-- Available data follows --

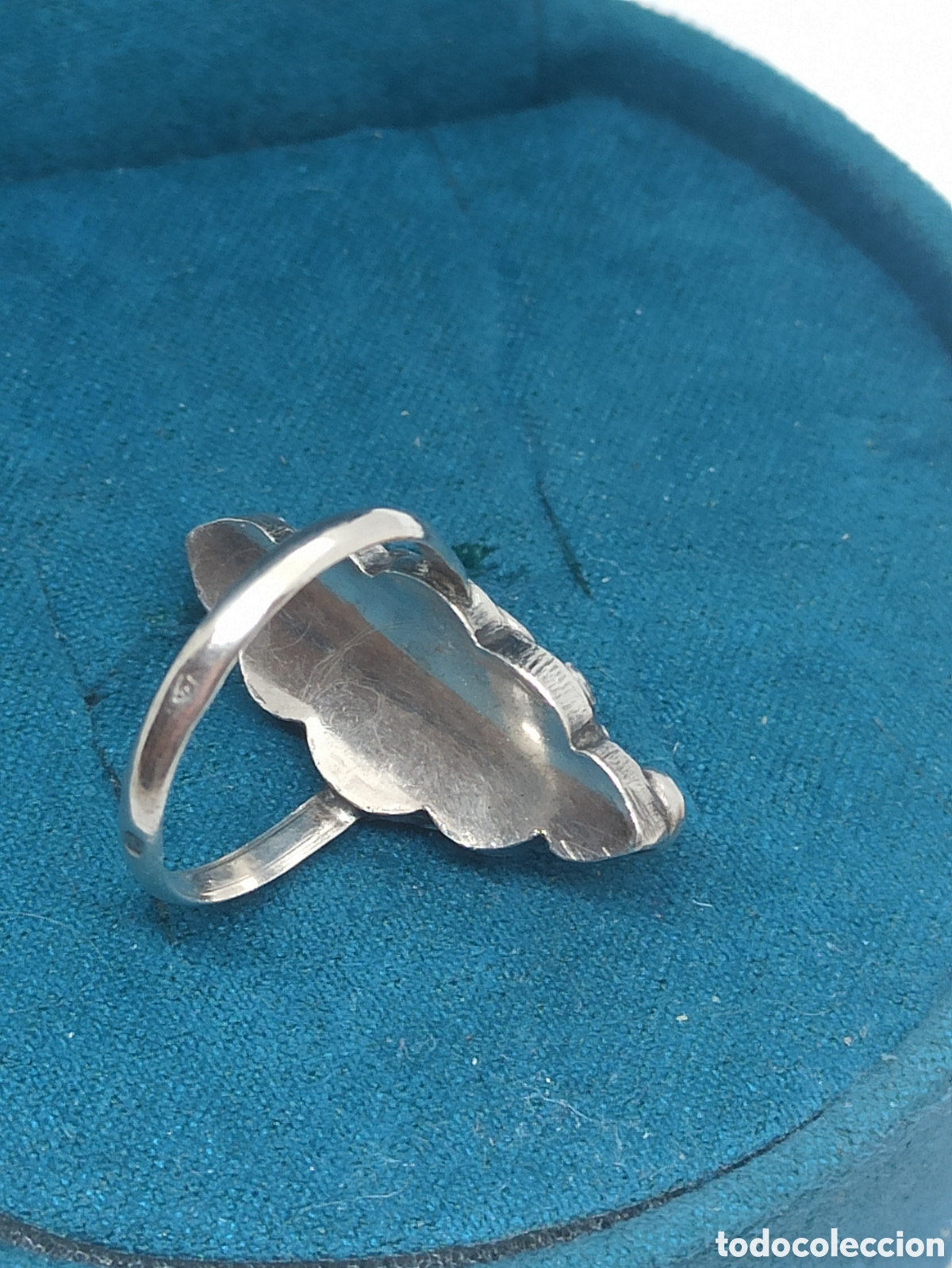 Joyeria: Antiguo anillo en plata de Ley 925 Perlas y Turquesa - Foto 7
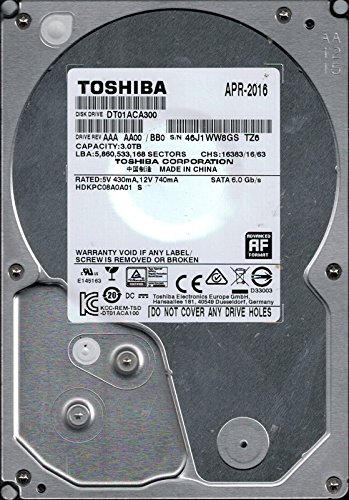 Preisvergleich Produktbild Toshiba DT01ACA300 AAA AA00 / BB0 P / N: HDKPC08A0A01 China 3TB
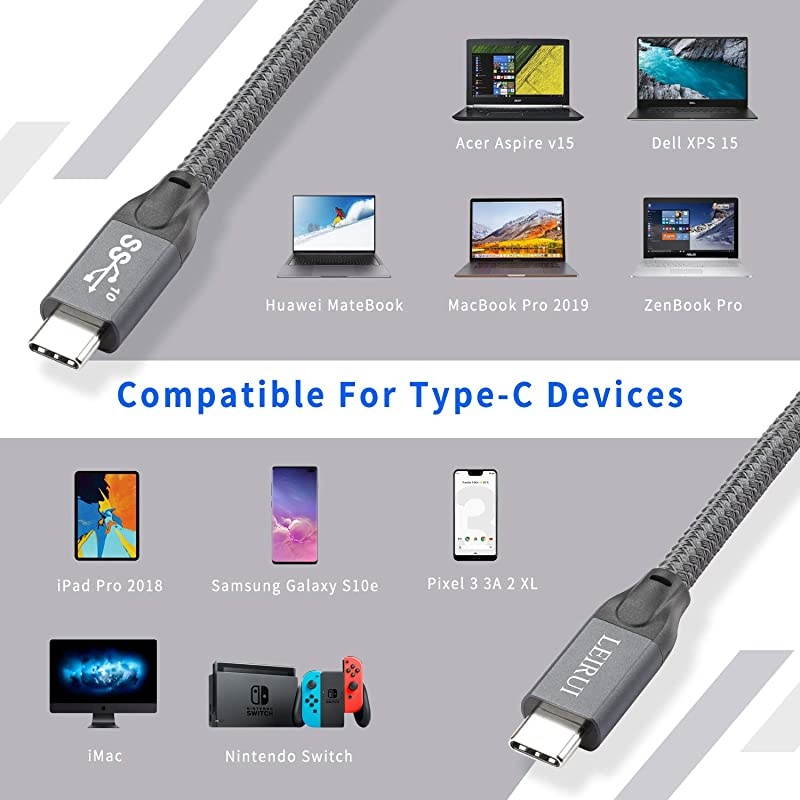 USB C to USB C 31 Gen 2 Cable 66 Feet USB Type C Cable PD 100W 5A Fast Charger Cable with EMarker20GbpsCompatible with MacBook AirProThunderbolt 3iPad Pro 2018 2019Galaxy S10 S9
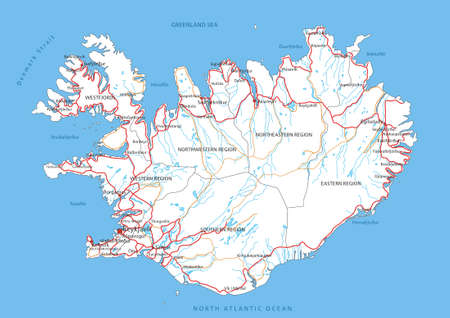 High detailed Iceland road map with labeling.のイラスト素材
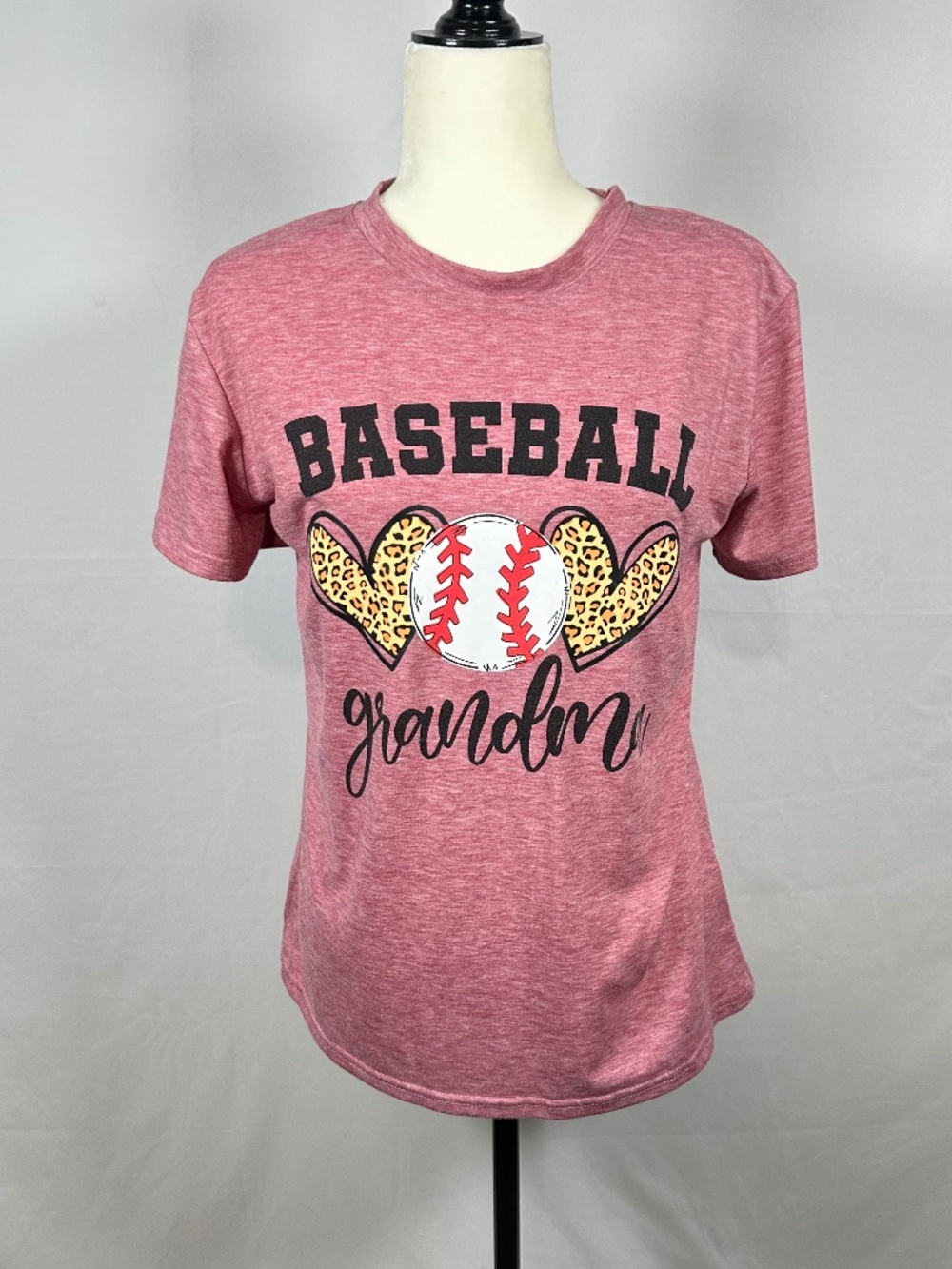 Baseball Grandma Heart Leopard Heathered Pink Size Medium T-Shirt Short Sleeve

-- Available data concluded --

→ **Task instructions**
Write out all of the data above exactly, without any of its pictures.

→ **Answer to this problem**
 Joyeria: Antiguo anillo en plata de Ley 925 Perlas y Turquesa - Foto 7
 Preisvergleich Produktbild Toshiba DT01ACA300 AAA AA00 / BB0 P / N: HDKPC08A0A01 China 3TB
 USB C to USB C 31 Gen 2 Cable 66 Feet USB Type C Cable PD 100W 5A Fast Charger Cable with EMarker20GbpsCompatible with MacBook AirProThunderbolt 3iPad Pro 2018 2019Galaxy S10 S9
 High detailed Iceland road map with labeling.のイラスト素材
 Baseball Grandma Heart Leopard Heathered Pink Size Medium T-Shirt Short Sleeve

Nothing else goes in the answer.